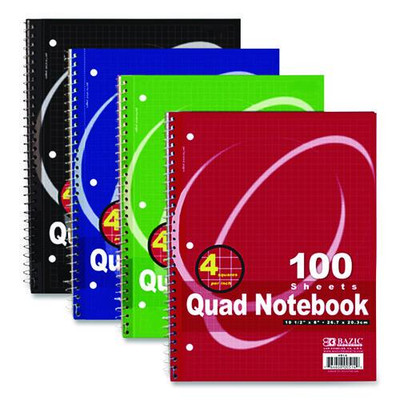 Spiral Notebook, Quadrille Rule (4 Sq/in), Randomly Assorted Cover Color, (100) 10.5 X 8 Sheets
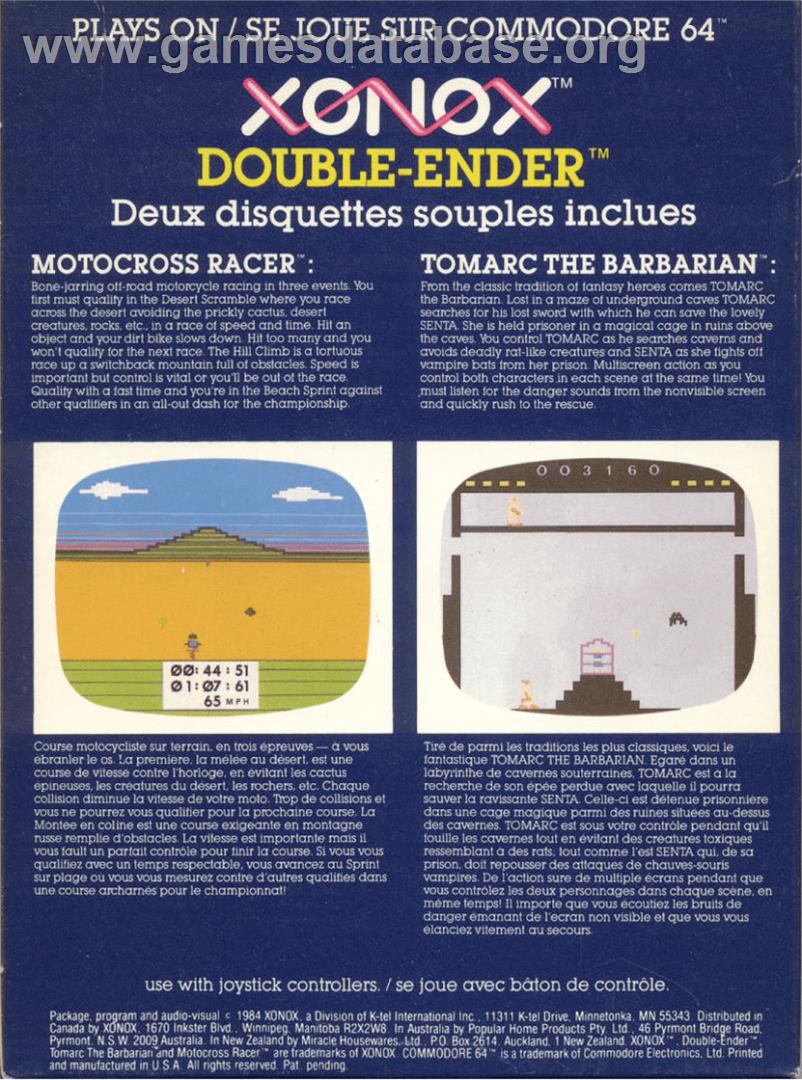 Motocross Racer - Commodore 64 - Artwork - Box Back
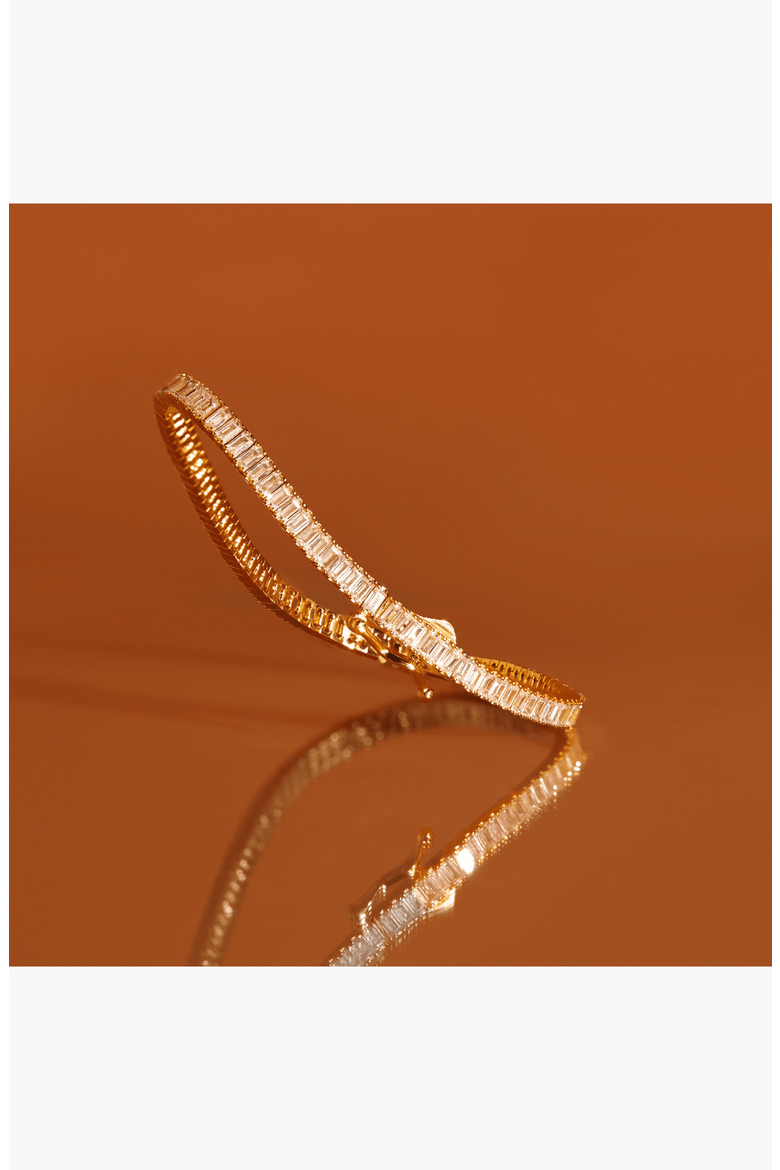 Lab Grown White Sapphire Baguette Tennis Bracelet - 12ct, Alternate, color, Yellow Gold Vermeil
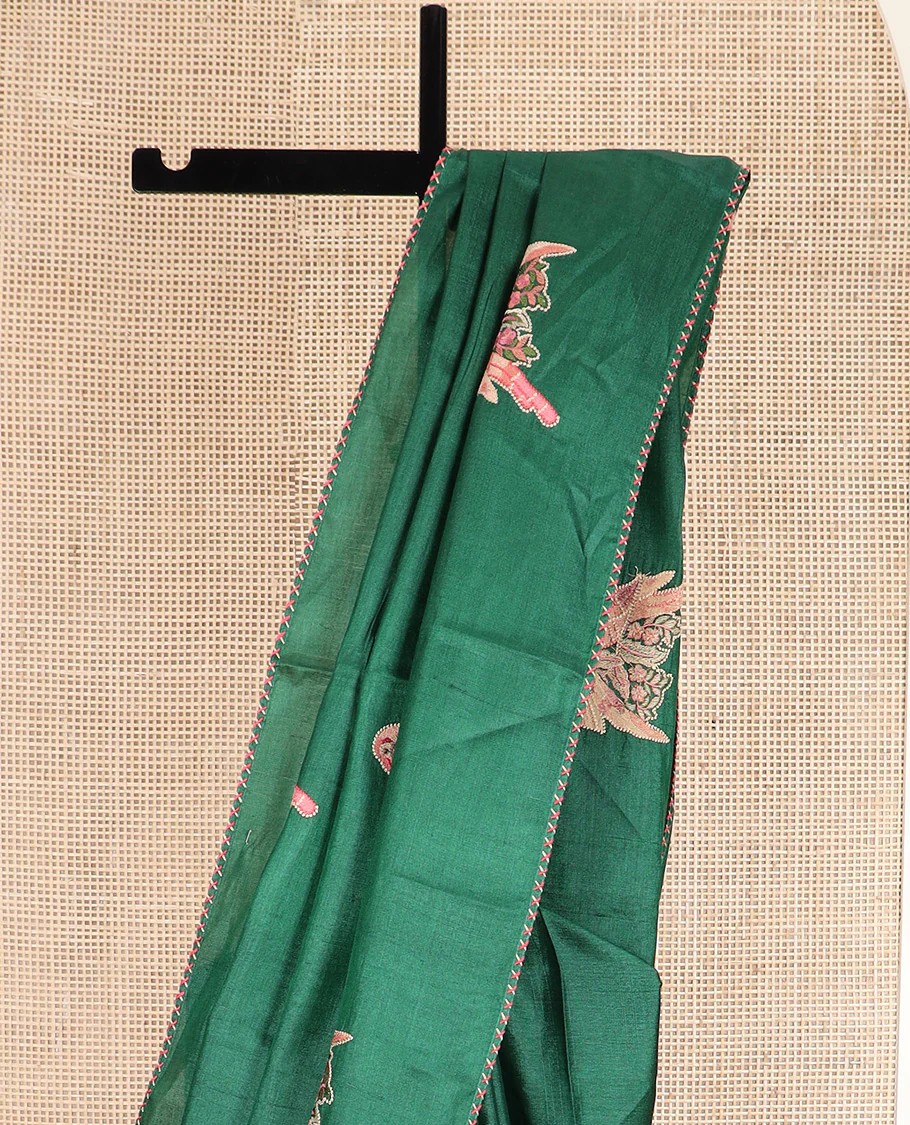 Borderless dark green macaw parrot motifs multi-colored thread embroidered tussar saree - Image 6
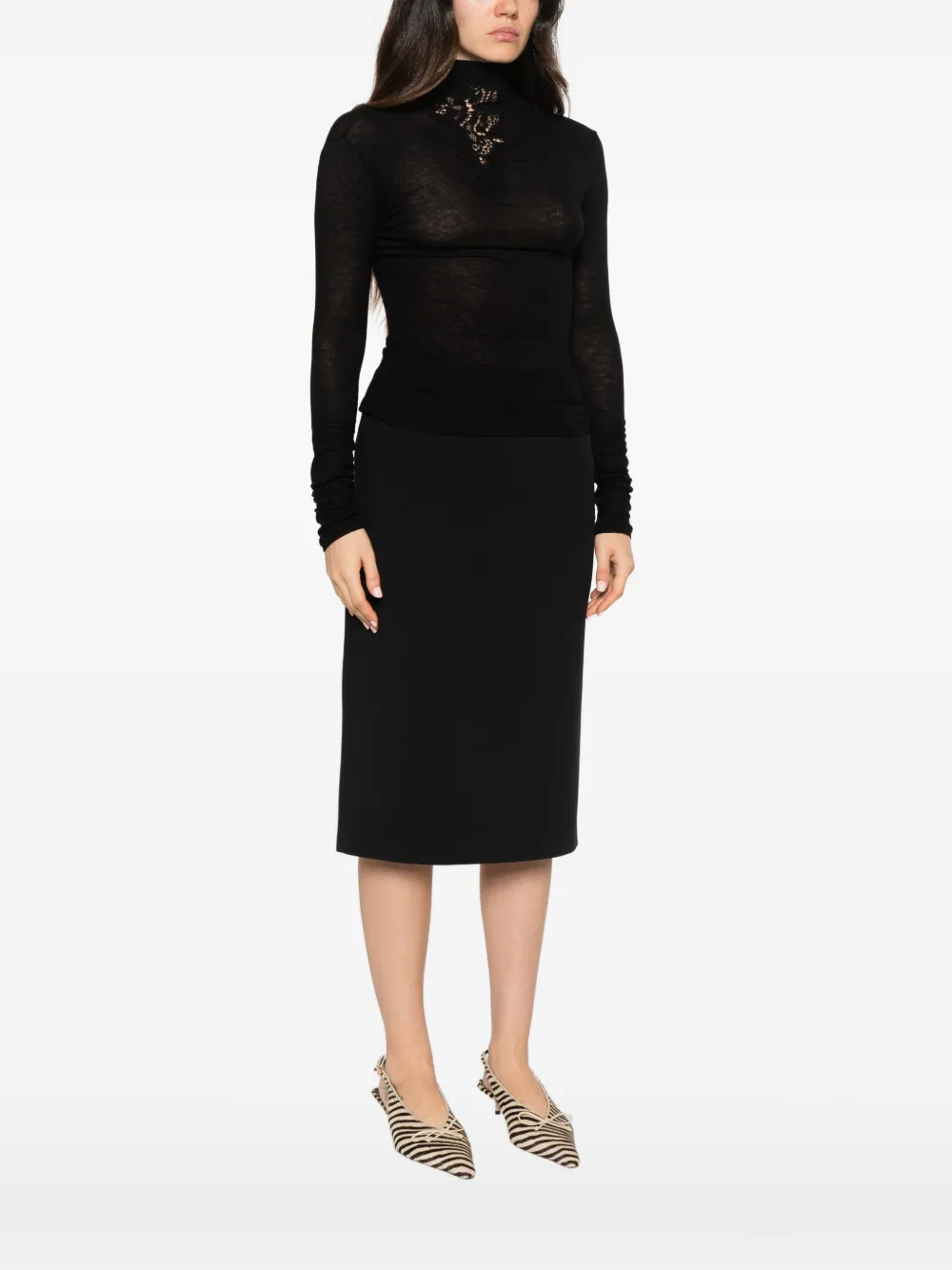 Ermanno Scervino lace-appliqué high-neck sweater Zwart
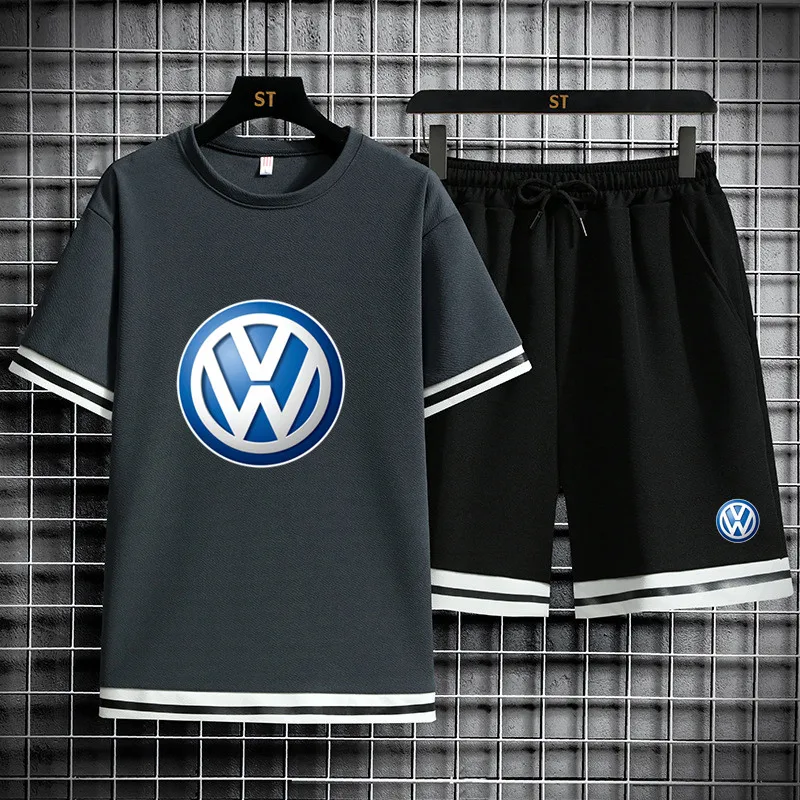 

2021 new car LOGO men's short-sleeved hot sale printed T-shirt sports and leisure suit short-sleeve summer 2-piece set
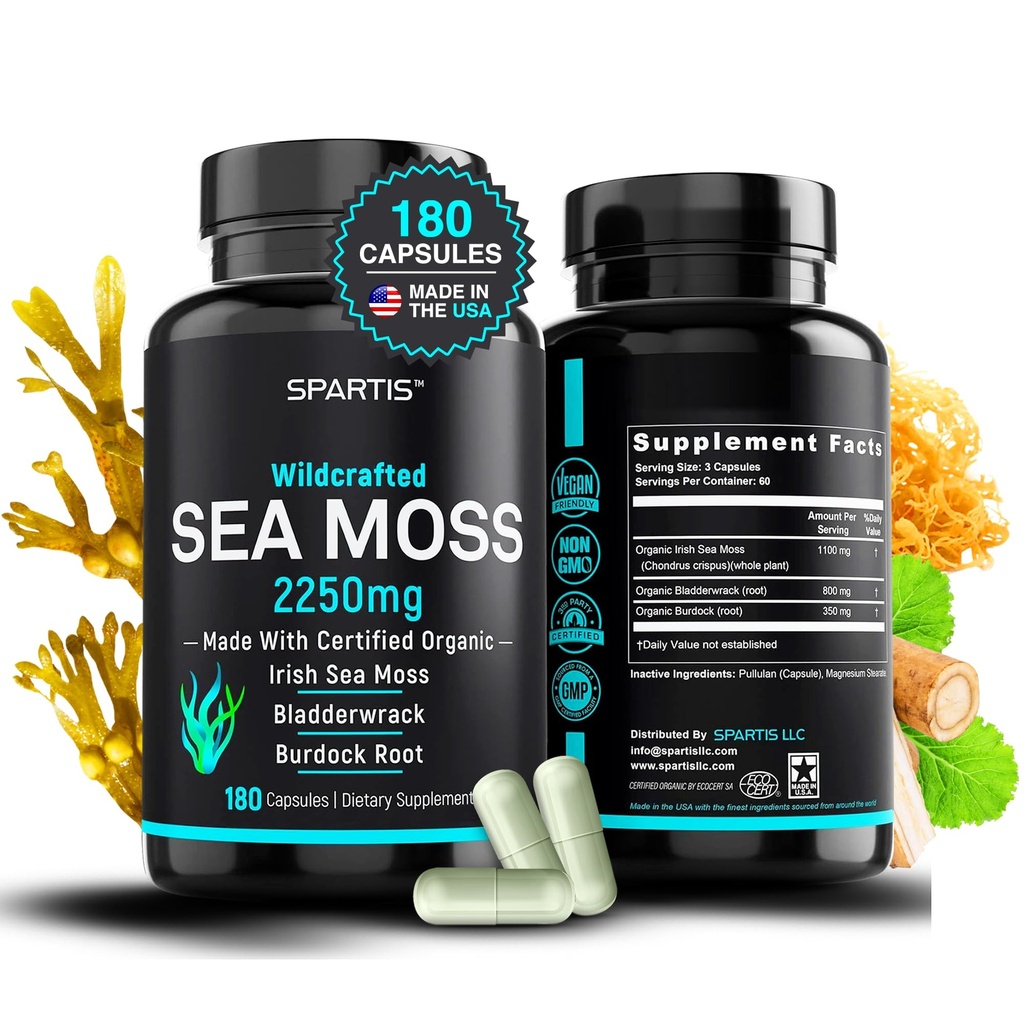 Sertifikalı Organik Deniz Moss Capsules 2250 mg Wildcrafted Irish Sea Moss Burdock Root Bladderwrack Supplement Raw Seamoss Pills & Toz (180-Caps)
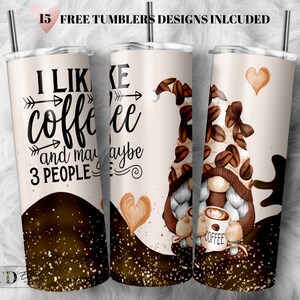 Coffee Gnome Tumbler Wrap: Funny Sarcastic Design (PNG Digital Download)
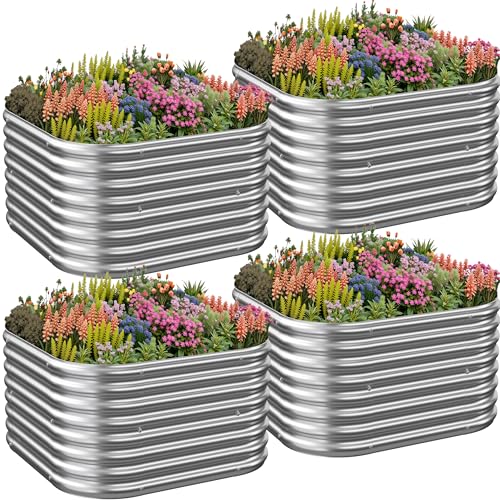 OZMSHF 4 Pcak 2x2FT Raised Beds for Gardening, Corrugated Galvanized Steel Raised Garden Bed, Outdoor Metal Above Ground Garden Bed for Vegetables and Flowers-2x2FTx10Inch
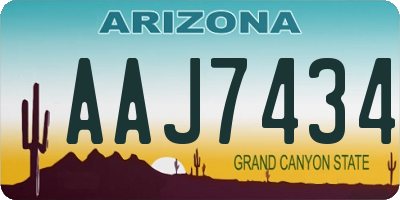 AZ license plate AAJ7434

• **PROBLEM REQUIREMENTS**
For this exercise, write the listing out again exactly, excluding all images.

• **SOLUTION TO THIS PROBLEM**
 Spiral Notebook, Quadrille Rule (4 Sq/in), Randomly Assorted Cover Color, (100) 10.5 X 8 Sheets
 Motocross Racer - Commodore 64 - Artwork - Box Back
 Lab Grown White Sapphire Baguette Tennis Bracelet - 12ct, Alternate, color, Yellow Gold Vermeil
 Borderless dark green macaw parrot motifs multi-colored thread embroidered tussar saree - Image 6
 Ermanno Scervino lace-appliqué high-neck sweater Zwart

2021 new car LOGO men's short-sleeved hot sale printed T-shirt sports and leisure suit short-sleeve summer 2-piece set
 Sertifikalı Organik Deniz Moss Capsules 2250 mg Wildcrafted Irish Sea Moss Burdock Root Bladderwrack Supplement Raw Seamoss Pills & Toz (180-Caps)
 Coffee Gnome Tumbler Wrap: Funny Sarcastic Design (PNG Digital Download)
 OZMSHF 4 Pcak 2x2FT Raised Beds for Gardening, Corrugated Galvanized Steel Raised Garden Bed, Outdoor Metal Above Ground Garden Bed for Vegetables and Flowers-2x2FTx10Inch
 AZ license plate AAJ7434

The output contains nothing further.